According to a June 1, 2015 Beijing News story posted on the official Cyberspace Administration of China's website, "The First Research Institute of the Ministry of Public Security has been known as the 'National Team of Cyber Security'".27 Furthermore, First Research Institute is the organ that designed and implemented what it called Skynet in Xinjiang working with the Public Security Department of Xinjiang Uygur Autonomous Region, an entity on the Treasury Department's Specially Designated Nationals And Blocked Persons List for its role in human rights violations.28 The First Research Institute announced Skynet in Xinjiang in a January 21, 2015 article posted on the Cyberspace Administration of China's website with the headline: "First Research Institute of the Ministry of Public Security Set Up Four Platforms; Build Anti-Terrorism Anti-Violence 'SkyNet'", stating: "The timely handling of the Shule incident indeed was benefited from the 'Four Major Platforms' of the Xinjiang Public Security's Informatization, which the First Research Institute of the Ministry of Public Security and Public Security Department of Xinjiang Uygur Autonomous Region built over a period of three years - Video Information Integration Application Platform, Police Geographic Information Application Platform, National Security Information Application Platform and Internet Service Platform."29 To be clear, we do not have information that Cue's surveillance technology was used in Xinjiang or for human rights violations.
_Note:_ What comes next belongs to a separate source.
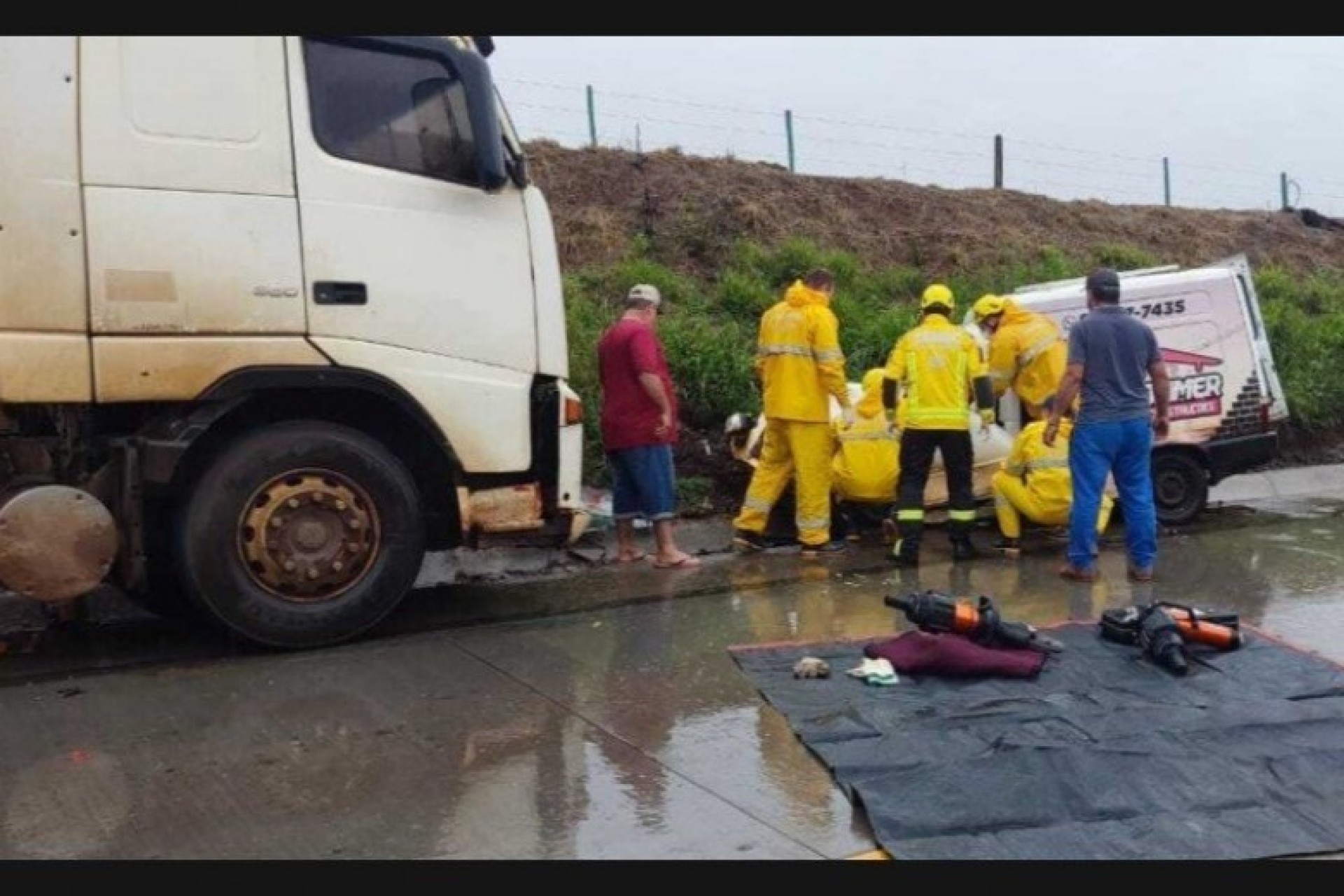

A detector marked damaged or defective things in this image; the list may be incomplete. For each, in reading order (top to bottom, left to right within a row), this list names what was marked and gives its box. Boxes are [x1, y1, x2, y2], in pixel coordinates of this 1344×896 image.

white damaged van [994, 253, 1284, 526]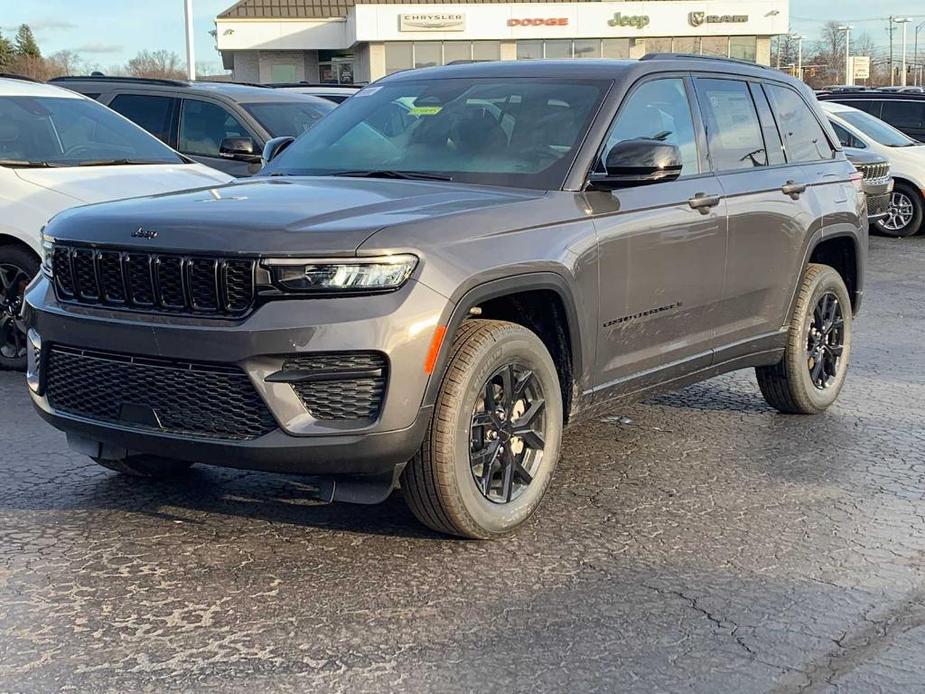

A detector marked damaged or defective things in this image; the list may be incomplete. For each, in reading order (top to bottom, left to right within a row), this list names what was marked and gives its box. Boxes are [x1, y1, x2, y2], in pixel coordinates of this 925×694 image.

Nonetheless, the collaboration is concerning, according to Jeffrey Stoff, a former U.S. government official who worked on technology protection and was quoted in The Wire China article: "'KKR is directly associating with parts of the state that develop surveillance that is responsible for human rights abuses. Even if the particular technology that [KKR] is investing in is deployed for the notionally benign use of temperature detection and Covid detection, it can be easily diverted to reprehensible applications. That needs to be assumed.'"30

25 Jeffrey Stoff and Glenn Tiffert, Hoover Institution, "Eyes Wide Open: Ethical Risks in Research Collaboration with China", December 2021, p. 5 https://www.scribd.com/document/545616632/Eyes-Wide-Open-Ethical-Risks-in-Research-Collaboration-with-China#download

26 https://www.bis.doc.gov/index.php/documents/regulations-docs/2713-supplement-no-6-to-part-744-unverified-list/file accessed 11/4/22

27 http://www.cac.gov.cn/2015-06/01/c 1115476484.htm , dated 6/1/2015, Cyberspace Administration of China website, source Beijing News, professional translation.

28 https://www.treasury.gov/ofac/downloads/sdnlist.pdf, accessed 11/4/22

29 http://www.cac.gov.cn/2015-01/21/c 1114068012.htm , dated 1/21/2015, Cyberspace Administration of China website, source Science and Technology Daily, professional translation.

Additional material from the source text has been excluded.